» **Task**: In the listing below, count the lines containing the string "standing" and state only the number.

◇ ◇ ◇

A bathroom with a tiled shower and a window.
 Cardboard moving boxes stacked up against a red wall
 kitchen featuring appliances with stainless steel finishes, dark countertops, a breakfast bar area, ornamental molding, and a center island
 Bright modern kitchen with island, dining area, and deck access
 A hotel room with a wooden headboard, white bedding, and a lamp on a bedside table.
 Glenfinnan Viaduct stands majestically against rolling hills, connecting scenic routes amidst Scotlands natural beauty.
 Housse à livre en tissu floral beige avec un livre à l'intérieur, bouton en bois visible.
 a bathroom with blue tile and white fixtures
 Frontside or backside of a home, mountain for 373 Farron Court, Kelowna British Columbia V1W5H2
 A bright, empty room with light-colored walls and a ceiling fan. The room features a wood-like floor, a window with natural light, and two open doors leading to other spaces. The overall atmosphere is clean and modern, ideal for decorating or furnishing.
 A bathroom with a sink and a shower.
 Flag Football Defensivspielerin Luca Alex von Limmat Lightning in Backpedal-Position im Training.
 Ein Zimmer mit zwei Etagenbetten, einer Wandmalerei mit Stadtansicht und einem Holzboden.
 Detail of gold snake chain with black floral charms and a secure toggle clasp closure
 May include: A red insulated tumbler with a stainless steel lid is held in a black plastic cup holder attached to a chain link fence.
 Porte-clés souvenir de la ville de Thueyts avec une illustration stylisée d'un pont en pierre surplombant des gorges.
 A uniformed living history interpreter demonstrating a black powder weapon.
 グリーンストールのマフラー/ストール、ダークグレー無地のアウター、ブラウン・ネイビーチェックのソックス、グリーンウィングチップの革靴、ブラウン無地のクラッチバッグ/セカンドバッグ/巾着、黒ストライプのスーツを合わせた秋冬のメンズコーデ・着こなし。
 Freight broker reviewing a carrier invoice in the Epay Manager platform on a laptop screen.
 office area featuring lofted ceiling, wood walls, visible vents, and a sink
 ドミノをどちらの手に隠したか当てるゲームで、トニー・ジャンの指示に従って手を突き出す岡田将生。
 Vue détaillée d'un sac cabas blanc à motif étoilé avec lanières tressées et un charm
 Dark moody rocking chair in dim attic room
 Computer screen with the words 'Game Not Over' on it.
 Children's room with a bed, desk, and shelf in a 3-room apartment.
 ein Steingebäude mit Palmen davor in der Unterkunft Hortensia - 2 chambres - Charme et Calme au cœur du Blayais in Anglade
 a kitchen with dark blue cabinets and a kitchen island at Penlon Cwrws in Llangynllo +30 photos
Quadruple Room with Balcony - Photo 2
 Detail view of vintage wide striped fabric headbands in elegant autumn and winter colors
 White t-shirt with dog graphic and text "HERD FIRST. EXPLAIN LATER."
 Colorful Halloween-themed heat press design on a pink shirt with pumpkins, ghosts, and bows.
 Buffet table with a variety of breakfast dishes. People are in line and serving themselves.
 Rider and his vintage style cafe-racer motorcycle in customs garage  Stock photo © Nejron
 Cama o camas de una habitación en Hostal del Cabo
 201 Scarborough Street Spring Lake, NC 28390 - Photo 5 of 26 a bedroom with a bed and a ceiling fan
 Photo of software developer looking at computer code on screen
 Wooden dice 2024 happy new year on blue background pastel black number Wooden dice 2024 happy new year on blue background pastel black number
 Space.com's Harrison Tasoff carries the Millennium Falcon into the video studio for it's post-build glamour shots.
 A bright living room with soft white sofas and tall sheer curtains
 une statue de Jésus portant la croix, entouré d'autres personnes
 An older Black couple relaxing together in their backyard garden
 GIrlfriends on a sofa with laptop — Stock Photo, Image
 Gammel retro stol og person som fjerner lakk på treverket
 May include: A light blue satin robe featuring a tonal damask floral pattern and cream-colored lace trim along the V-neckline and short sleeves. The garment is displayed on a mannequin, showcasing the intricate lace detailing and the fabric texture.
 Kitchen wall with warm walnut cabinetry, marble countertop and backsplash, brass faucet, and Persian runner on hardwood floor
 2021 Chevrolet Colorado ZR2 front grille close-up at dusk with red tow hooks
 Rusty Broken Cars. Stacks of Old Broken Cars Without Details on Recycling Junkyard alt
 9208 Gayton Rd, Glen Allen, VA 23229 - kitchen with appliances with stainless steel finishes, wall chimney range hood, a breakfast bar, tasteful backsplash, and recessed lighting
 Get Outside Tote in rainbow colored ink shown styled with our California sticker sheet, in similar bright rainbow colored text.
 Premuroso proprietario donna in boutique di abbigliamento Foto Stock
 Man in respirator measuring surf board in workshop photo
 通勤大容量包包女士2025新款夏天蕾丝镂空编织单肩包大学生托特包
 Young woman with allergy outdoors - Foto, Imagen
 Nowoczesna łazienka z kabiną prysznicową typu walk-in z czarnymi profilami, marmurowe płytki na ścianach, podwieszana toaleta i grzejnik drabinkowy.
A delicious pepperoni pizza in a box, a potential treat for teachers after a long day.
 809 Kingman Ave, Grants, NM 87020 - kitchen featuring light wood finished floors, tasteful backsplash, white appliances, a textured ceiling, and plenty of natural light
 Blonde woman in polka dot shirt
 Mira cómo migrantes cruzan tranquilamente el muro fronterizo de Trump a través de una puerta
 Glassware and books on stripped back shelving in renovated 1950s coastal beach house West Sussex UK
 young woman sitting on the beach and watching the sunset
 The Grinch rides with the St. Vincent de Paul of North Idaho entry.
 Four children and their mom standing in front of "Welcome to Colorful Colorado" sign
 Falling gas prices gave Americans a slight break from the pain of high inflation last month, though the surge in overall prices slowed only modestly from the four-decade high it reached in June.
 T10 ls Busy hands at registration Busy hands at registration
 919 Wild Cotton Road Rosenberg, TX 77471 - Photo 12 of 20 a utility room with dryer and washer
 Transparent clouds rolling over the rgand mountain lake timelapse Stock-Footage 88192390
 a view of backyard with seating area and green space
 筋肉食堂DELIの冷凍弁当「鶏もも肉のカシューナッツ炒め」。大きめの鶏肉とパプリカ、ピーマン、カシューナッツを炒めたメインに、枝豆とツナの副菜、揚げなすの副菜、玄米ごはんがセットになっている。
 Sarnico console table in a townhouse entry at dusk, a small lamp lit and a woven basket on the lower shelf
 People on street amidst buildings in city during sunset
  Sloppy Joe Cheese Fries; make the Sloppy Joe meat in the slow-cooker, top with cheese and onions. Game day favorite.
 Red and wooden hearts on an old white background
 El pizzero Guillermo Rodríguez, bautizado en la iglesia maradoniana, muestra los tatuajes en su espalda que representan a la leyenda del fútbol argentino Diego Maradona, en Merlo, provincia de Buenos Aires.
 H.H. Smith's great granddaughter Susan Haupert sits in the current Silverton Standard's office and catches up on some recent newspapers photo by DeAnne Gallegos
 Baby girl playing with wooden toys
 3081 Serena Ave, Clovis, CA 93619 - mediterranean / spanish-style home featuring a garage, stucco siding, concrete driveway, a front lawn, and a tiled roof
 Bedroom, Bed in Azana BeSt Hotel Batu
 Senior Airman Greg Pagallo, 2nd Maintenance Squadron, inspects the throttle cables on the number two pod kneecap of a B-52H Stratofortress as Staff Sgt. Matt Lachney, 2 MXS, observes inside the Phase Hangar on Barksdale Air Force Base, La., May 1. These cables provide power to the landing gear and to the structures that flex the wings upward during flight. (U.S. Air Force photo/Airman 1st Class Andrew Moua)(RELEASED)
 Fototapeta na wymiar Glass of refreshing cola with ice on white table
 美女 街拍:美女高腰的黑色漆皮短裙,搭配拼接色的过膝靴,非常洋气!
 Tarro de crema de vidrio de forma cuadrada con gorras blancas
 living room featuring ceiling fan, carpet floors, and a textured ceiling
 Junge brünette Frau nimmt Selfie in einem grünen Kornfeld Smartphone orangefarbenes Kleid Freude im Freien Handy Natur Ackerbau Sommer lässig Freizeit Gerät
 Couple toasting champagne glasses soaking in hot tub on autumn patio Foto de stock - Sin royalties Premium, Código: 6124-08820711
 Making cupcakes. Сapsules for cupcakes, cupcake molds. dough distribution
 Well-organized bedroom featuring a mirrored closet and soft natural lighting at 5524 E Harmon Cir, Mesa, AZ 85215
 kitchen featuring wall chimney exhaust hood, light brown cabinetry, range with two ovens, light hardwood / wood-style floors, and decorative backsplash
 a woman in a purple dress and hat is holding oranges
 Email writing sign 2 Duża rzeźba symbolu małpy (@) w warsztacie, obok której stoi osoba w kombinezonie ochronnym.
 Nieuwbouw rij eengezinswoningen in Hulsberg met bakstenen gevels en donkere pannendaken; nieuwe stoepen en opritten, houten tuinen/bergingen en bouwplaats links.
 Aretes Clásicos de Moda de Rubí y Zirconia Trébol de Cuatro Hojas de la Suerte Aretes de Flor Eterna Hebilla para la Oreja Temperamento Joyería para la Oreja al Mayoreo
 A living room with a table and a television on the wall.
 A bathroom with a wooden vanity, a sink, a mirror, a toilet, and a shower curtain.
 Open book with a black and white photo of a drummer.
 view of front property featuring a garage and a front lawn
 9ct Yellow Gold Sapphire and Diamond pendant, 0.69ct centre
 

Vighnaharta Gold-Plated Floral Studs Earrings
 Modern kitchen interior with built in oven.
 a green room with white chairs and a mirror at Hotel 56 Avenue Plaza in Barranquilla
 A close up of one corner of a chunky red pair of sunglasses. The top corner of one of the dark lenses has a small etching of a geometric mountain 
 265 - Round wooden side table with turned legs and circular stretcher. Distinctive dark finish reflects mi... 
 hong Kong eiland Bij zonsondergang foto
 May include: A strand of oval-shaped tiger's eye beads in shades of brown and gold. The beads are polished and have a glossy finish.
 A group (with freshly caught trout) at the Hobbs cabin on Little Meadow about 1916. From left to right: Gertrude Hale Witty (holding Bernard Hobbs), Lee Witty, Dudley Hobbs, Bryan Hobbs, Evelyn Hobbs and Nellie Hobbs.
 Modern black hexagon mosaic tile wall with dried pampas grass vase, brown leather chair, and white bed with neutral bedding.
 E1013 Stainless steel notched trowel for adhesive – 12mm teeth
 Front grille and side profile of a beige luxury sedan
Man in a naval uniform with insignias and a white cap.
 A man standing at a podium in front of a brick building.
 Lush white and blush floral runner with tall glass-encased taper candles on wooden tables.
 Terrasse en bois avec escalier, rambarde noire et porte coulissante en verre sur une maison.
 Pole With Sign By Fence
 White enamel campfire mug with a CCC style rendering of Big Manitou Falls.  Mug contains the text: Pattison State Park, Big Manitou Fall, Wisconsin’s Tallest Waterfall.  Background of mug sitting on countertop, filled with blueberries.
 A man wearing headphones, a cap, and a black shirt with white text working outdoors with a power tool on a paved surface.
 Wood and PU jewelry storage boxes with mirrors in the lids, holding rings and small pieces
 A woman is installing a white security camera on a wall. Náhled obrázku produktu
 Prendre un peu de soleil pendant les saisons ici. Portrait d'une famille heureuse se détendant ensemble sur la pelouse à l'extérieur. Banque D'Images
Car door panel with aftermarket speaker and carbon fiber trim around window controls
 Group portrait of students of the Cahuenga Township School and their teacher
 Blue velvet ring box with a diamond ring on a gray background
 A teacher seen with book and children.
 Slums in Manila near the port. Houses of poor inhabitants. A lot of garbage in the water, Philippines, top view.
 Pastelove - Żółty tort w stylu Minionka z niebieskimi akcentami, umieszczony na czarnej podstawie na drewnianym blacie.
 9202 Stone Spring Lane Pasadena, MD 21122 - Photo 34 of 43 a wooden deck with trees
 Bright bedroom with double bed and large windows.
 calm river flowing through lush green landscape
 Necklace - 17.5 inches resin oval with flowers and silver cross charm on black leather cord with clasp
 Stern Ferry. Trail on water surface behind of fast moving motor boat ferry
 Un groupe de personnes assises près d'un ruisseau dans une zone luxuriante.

◇ ◇ ◇

» **Response to the task**: 2